Given data:
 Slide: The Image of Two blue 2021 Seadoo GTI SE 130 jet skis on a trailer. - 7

---

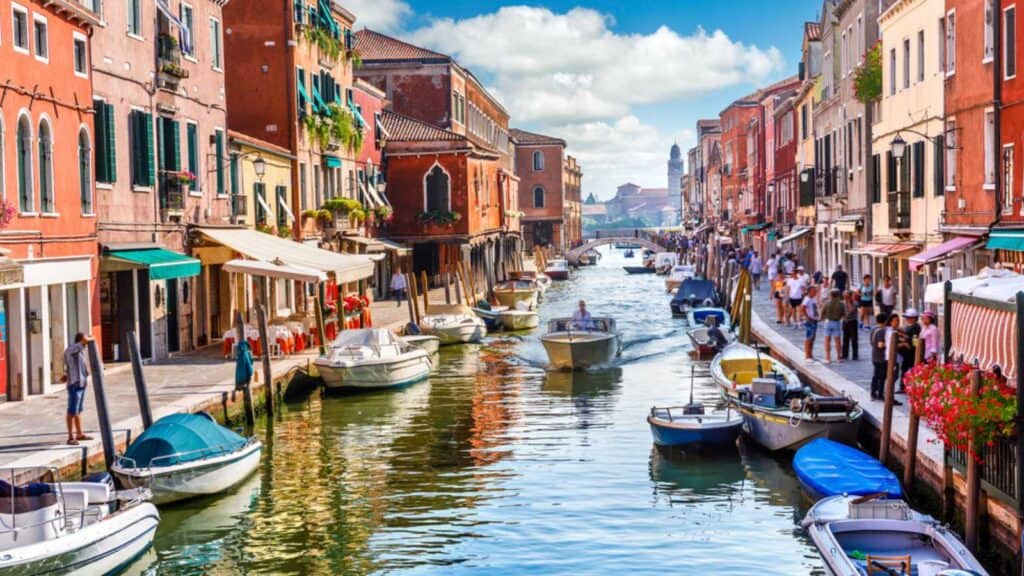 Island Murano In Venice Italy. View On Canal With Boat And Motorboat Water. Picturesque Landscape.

--

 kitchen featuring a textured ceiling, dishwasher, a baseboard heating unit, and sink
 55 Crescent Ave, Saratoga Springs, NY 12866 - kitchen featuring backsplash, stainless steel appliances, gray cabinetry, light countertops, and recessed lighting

Problem to solve: Using the entries shown above, reproduce verbatim the lines from the line bearing "kitchen featuring a" to the line bearing "55 Crescent Ave, Saratoga", inclusive.

Exercise result:
 kitchen featuring a textured ceiling, dishwasher, a baseboard heating unit, and sink
 55 Crescent Ave, Saratoga Springs, NY 12866 - kitchen featuring backsplash, stainless steel appliances, gray cabinetry, light countertops, and recessed lighting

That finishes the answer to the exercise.